50 Best Dishes: Glorietta Trattoria’s Eggplant

By on April 4, 2018

Pairing the flavors of tradition and invention

No. 41 in the 50 Best Dishes series is awarded to Glorietta’s Eggplant Parmesan. (Helen Goelet)

JACKSON HOLE, WY – Glorietta Trattoria, voted Best New Restaurant and Best Italian Restaurant by PJH readers, is empty at 2 p.m. on Friday. Chairs hibernate on the bar and bistro tables. They’ll be put to work soon enough.   

“I love this time of day,” said general manager Chuck Greenwald as he flipped a light switch.  The room warmed instantly, yellow flecks of light reflected off the wood-paneled floor and forest green walls. “It’s the calm before the storm,” he said.

Greenwald took the helm at Glorietta in June 2017, just five months after the grand opening and while he and his wife were expecting their first child. His long black beard, he quipped, is “just a result of not having time to shave.”

Given Glorietta’s four key components, its wood-fired oven and grill; the cocktail menu; its housemade pasta and an Italian-centric wine list, it’s no wonder Greenwald hasn’t had time for a shave.

The wood-fired oven and grill, or la parrilla as it’s known in Argentina and Uruguay, is the epicenter of the restaurant.
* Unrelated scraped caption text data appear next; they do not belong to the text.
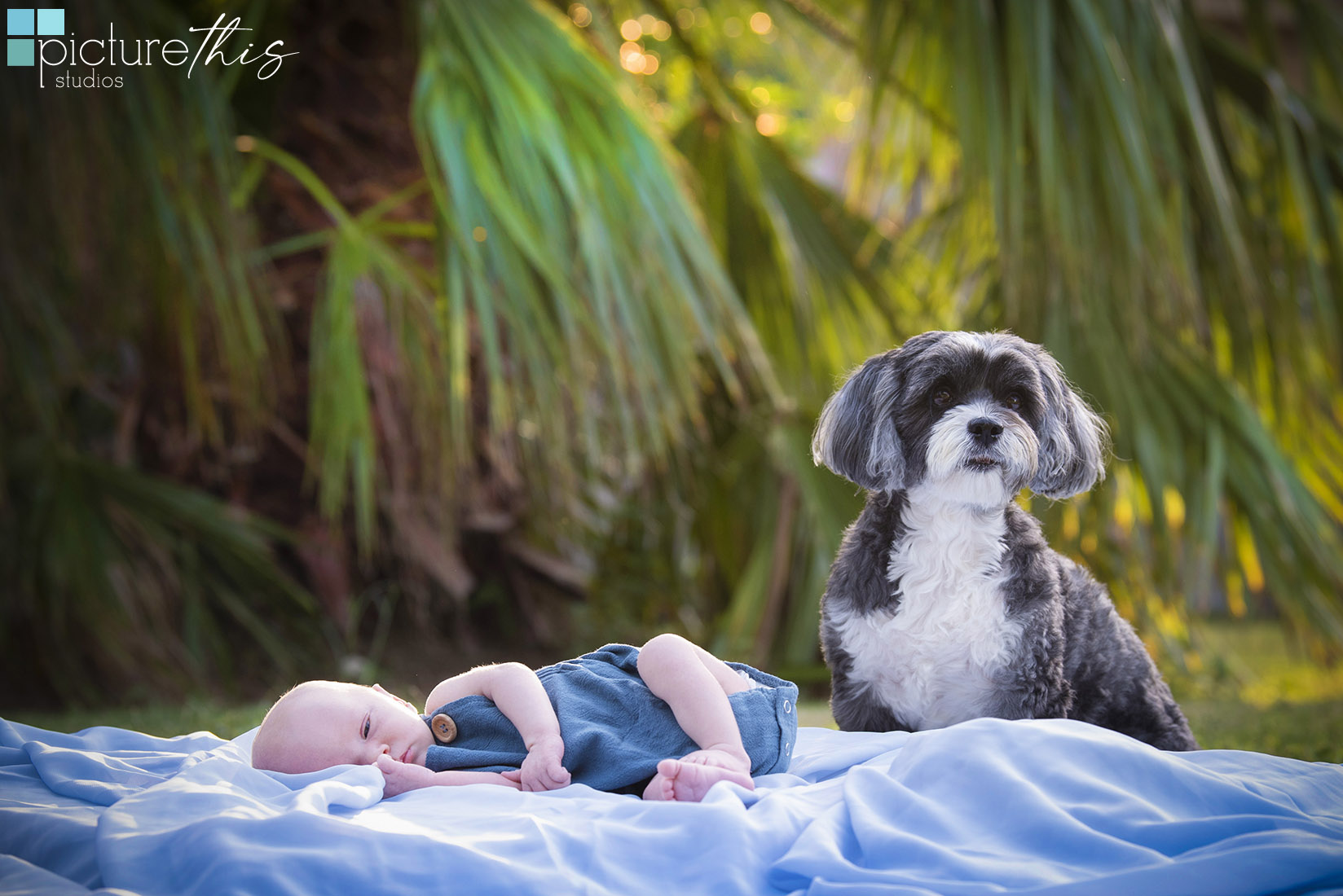 grandcaymanphotographer,caymanislandsphotography,familyportraits,visitcaymanislands,heatherholtphotography,picturethisstudios,caymanislands,grandcayman,grandcaymanphotographer,caymanweddingphotographer,weddingphotographer,portraitphotographer,caymanportraitphotographer,caymanislandsphotographer,caribbean,love,capturingthemoment,loveoffamily,newbornphotos,newborn,newbornphotographercayman,newbornphotography,newmom,newdad,petportraits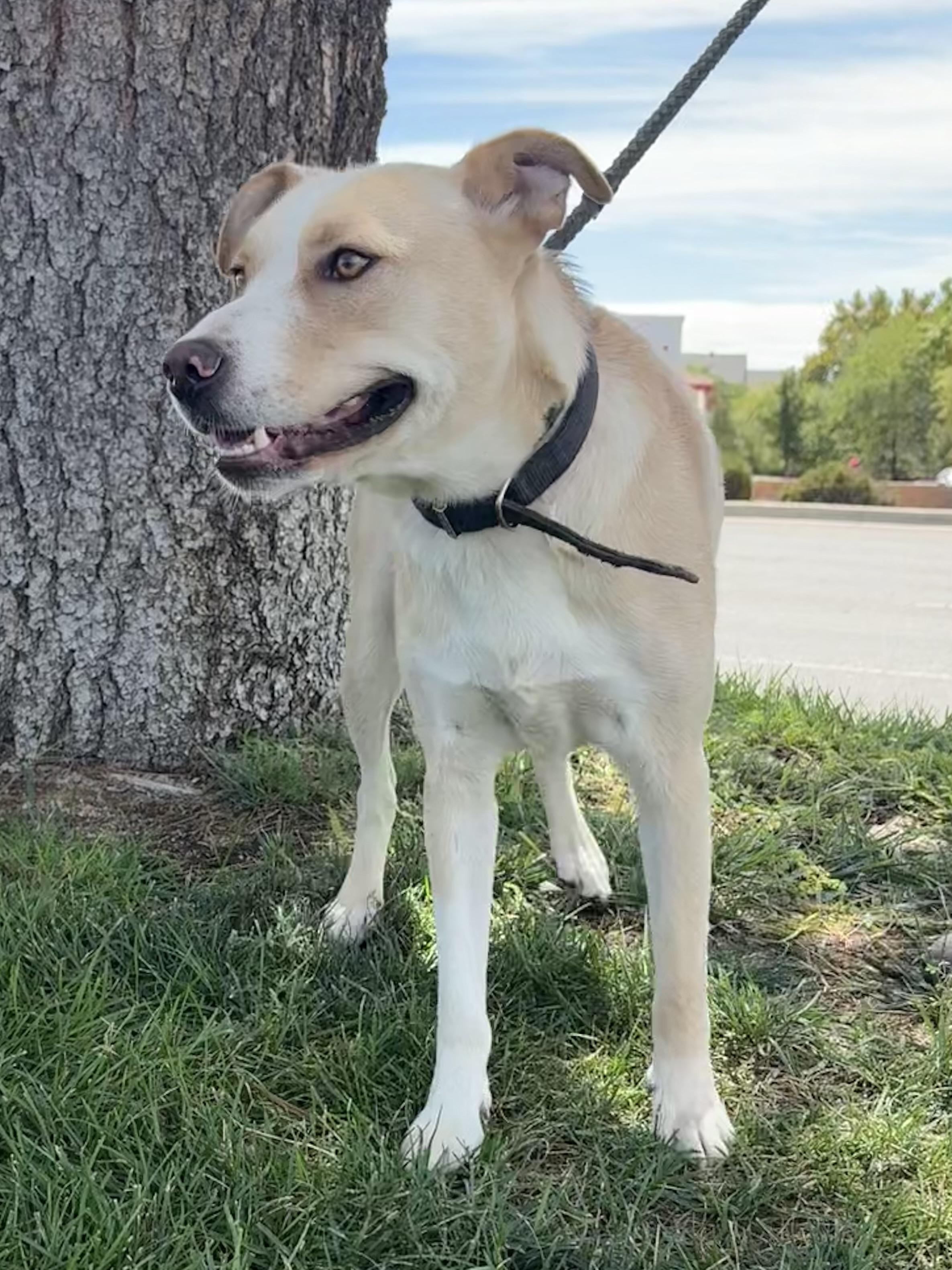 Enlarge Junior, a ADOPTABLE mixed breed in Albuquerque, NM image 3/4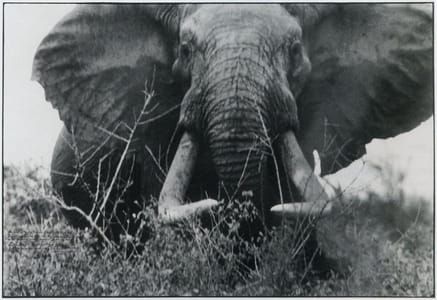 Artwork Title: The Last of The Big Tuskers (Circa 150-160 lbs per side)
During service, the iron-wrought instrument glows through the open bar and into the dining room. It hinges on the delicate management of wood-fired heat—how most of the proteins and vegetables on the menu are cooked. 

“It’s a great piece of machinery,” Greenwald said, “but it’s not an easy one.”

Sheer space limits how much can actually be cooked on the grill. But the menu is largely comprised of charred dishes and items of smokey-perfection that depend on the warmth of the high maintenance parilla

The bartenders depend on the grill too. “Our contract with Death and Co. [the New York-born craft cocktail empire] has really helped us cultivate an interesting bar menu,” said bar manager Scott Kitchen as he shook a Perma Grin. The signature cocktail is made with tequila, lime, smoked salt and grilled pineapple. Grill-blackened tomatoes, meanwhile, make their way into the house bloody marys.

A must-sip: the Bivouac Collins, with cognac, rye, pressed apple, ginger, lemon, bitters and seltzer.

Like the cocktails, it is the marriage of fresh flavors and a transformation of something classic or tired into something delicious, light and familiar, that merits the Eggplant as one of the 50 Best Dishes. The flavors are nostalgic and warm.

Thinly-sliced eggplant is fried in a tempura-like batter with parmesan. It is served over a light, sun-kissed pomodoro and topped with fried basil. This is the freshest bite of eggplant parm you’ll ever try. “We want to keep things simple with fresh flavors, and our chef team, led by Mac Jarvis, really speaks to that,” Greenwald said.

Growing up in Seattle, Jarvis attended culinary school before working his way into some of the city’s best restaurants.  In 2016,  he was recruited to David Chang’s Momofuku Las Vegas location. That’s where he met sous chef Eddie Gomez, who he brought with him to Jackson Hole.

Meanwhile, Greenwald, a California transplant by way of New York, quickly adapted to the difficulties of Jackson’s restaurant sphere. He knows that produce, certain wines and liquors are not easy to come by, so he has brought experts on board.

“We work with an Italian wine specialist based in Oregon, he’s really helped us cultivate a nice breadth of unique wines from all over Italy,” Greenwald said.   

The wine menu pairs well with the modern-Italian food and the ambiance of Glorietta. Its New York-city based owners, Eagle Point Hotel Partners, which operate the restaurant in conjunction with the Anvil Hotel, brought inspiration from the city’s contemporary twists on traditional styles.

What’s next for Glorietta? Saturday and Sunday brunches are on the menu and a gelato shack is in the works too. 

[Due to an editing error, an earlier version of this story misidentified Chef Mac Jarvis. – Ed.]